Exercise directions: Among the records that follow, set down only the lines from the one containing "OK. So now you" to the one containing "Here too, the", both included, exactly.

Dataset records:
* * * *

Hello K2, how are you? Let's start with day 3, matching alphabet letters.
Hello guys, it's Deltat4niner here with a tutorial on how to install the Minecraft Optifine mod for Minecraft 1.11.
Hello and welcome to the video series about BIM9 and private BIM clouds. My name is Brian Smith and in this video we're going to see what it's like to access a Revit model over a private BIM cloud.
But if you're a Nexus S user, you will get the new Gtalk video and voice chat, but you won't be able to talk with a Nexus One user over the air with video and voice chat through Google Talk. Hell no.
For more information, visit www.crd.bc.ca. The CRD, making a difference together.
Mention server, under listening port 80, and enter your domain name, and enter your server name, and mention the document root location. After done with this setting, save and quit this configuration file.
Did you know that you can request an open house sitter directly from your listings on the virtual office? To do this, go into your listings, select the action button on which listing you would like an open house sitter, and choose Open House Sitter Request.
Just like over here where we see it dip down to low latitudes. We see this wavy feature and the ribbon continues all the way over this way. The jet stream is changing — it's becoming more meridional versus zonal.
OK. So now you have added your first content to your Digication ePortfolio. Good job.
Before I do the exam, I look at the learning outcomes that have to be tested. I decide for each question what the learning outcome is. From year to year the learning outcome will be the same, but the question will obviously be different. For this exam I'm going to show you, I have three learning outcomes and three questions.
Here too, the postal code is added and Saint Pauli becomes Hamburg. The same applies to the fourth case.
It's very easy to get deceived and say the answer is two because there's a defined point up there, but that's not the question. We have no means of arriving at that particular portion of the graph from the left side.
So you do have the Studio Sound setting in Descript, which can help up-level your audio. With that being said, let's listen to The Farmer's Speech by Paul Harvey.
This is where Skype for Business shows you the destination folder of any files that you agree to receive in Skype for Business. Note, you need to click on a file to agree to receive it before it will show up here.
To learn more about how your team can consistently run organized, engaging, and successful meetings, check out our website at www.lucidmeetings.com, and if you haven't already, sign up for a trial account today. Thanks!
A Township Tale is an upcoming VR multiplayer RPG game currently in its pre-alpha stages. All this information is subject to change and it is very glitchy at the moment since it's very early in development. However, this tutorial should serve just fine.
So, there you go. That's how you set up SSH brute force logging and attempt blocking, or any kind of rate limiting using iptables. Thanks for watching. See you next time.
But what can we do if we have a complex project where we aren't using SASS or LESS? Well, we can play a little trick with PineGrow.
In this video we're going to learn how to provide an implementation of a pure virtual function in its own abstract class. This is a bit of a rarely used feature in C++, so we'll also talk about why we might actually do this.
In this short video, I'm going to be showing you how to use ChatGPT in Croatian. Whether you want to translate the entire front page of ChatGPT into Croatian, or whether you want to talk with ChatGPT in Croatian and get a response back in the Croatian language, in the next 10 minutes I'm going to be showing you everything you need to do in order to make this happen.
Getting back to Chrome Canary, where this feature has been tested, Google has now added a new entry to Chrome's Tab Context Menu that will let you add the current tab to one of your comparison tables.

* * * *

Your solution:
OK. So now you have added your first content to your Digication ePortfolio. Good job.
Before I do the exam, I look at the learning outcomes that have to be tested. I decide for each question what the learning outcome is. From year to year the learning outcome will be the same, but the question will obviously be different. For this exam I'm going to show you, I have three learning outcomes and three questions.
Here too, the postal code is added and Saint Pauli becomes Hamburg. The same applies to the fourth case.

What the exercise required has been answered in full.